3. Milestone Apartments Real Estate Investment Trust
Milestone Apartments Real Estate Invt Tr (TSX:MST.UN) owns and operates 72 garden-style apartment properties, comprising of 22,546 apartment units located across 14 major metropolitan markets in the United States.
It pays a monthly distribution of US$0.04583 per share, or US$0.55 per share annually, which gives its stock a yield of approximately 3.9% at current levels. Investors must also note that the 11% distribution hike it announced in October 2015, which was effective for its January 2016 payment, has it on pace for 2016 to mark the first year in which it has raised its annual distribution since it went public in 2013.
4. Northview Apartment REIT
Northview Apartment REIT (TSX:NVU.UN) holds ownership interests in apartment buildings and townhomes, comprising of more than 24,000 residential units located across eight provinces and two territories. It also holds ownership interests in over 400 execusuites and hotel units, and a number of commercial properties focused on government and “quality” corporate tenancies.
It pays a monthly distribution of $0.1358 per share, or $1.6296 per share annually, which gives its stock a yield of approximately 7.3% at current levels. Investors must also note that it has raised its annual distribution for three consecutive years, and its strong growth of funds from operations could allow this streak to continue in 2016 and beyond.
5. Killam Apartment REIT
Killam Apartment REIT (TSX:KMP.UN) owns and operates 176 apartment properties and 35 manufactured home communities, comprising of 13,681 residential units and 5,165 land-lease sites located across Alberta, Ontario, Nova Scotia, New Brunswick, Newfoundland & Labrador, and Prince Edward Island. It also owns three commercial properties in Halifax.

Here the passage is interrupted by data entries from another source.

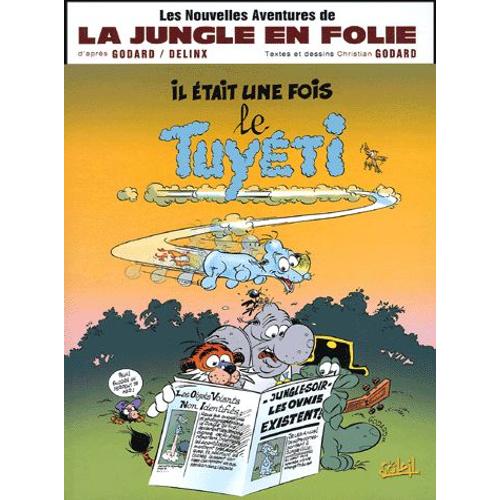 Les Nouvelles Aventures De La Jungle En Folie Tome 1 - Il Était Une Fois Le Tuyéti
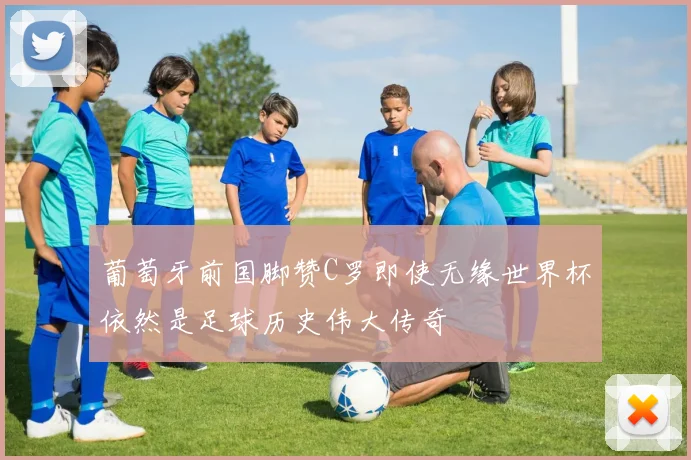 葡萄牙前国脚赞C罗即使无缘世界杯依然是足球历史伟大传奇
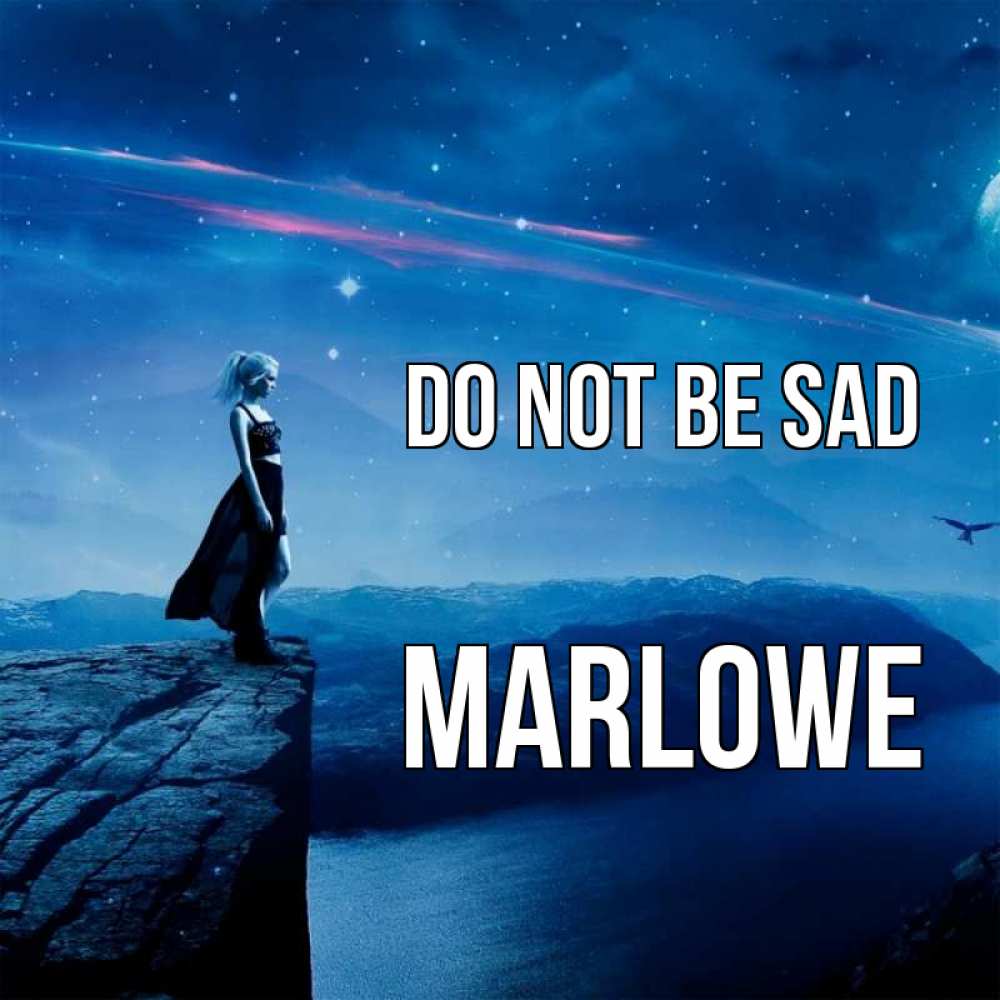 Greetings card с именем, Marlowe Do not be sad вода и скала Greetings with text for free download 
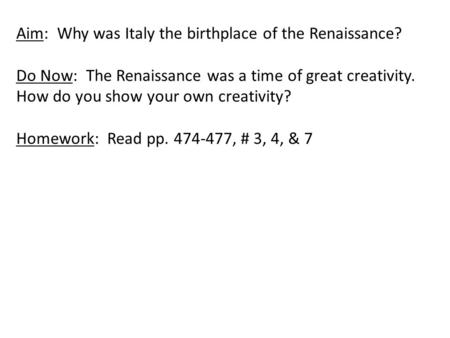 Aim: Why was Italy the birthplace of the Renaissance? Do Now: The Renaissance was a time of great creativity. How do you show your own creativity? Homework:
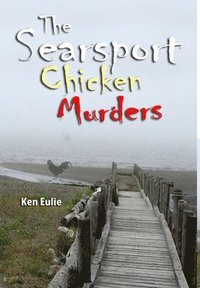 bokomslag The Searsport Chicken Murders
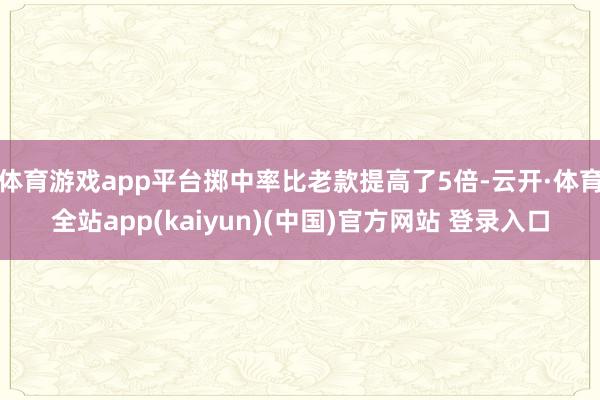 体育游戏app平台掷中率比老款提高了5倍-云开·体育全站app(kaiyun)(中国)官方网站 登录入口
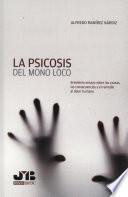 Libro La psicosis del mono loco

It pays a monthly distribution of $0.05 per share, or $0.60 per share annually, which gives its stock a yield of approximately 4.8% at current levels. Investors should also note that it has maintained this annual rate since 2014, and its very strong growth of adjusted funds from operations could allow it to continue to do so going forward or allow it to announce a hike in the very near future.